── Supplied information

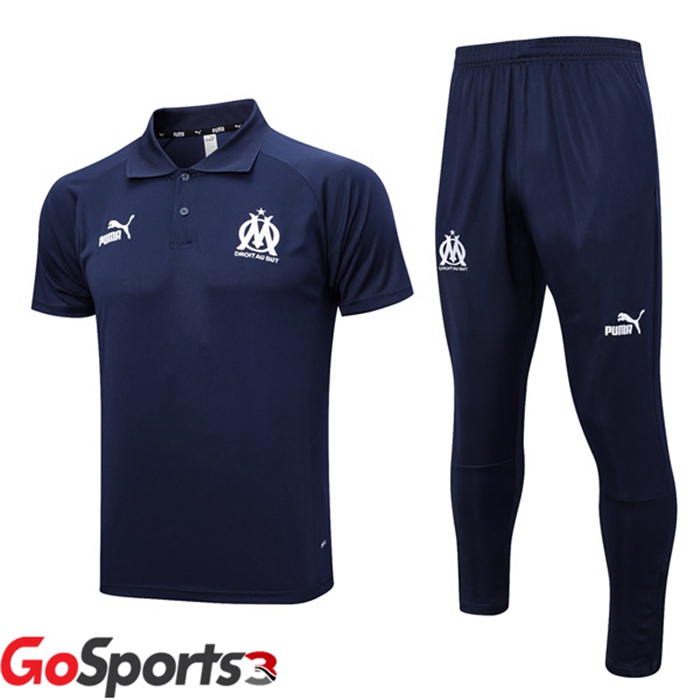 オリンピックマルセイユ ポロシャツセット + ロング パンツ ロイヤルブルー 2023/2024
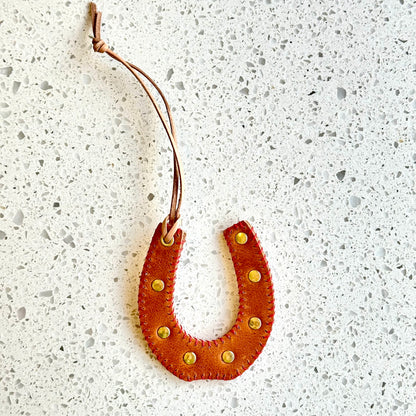 Horseshoe Purse Charm - Camel HANDBAGS Indigo Laine Red Stitching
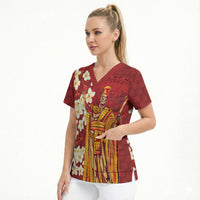 Hawaii King Kamehameha Scrub Top Plumeria Lauhala Pattern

────

All the material shown above is to be copied exactly, with no pictures carried over.

 オリンピックマルセイユ ポロシャツセット + ロング パンツ ロイヤルブルー 2023/2024
 Horseshoe Purse Charm - Camel HANDBAGS Indigo Laine Red Stitching
 Hawaii King Kamehameha Scrub Top Plumeria Lauhala Pattern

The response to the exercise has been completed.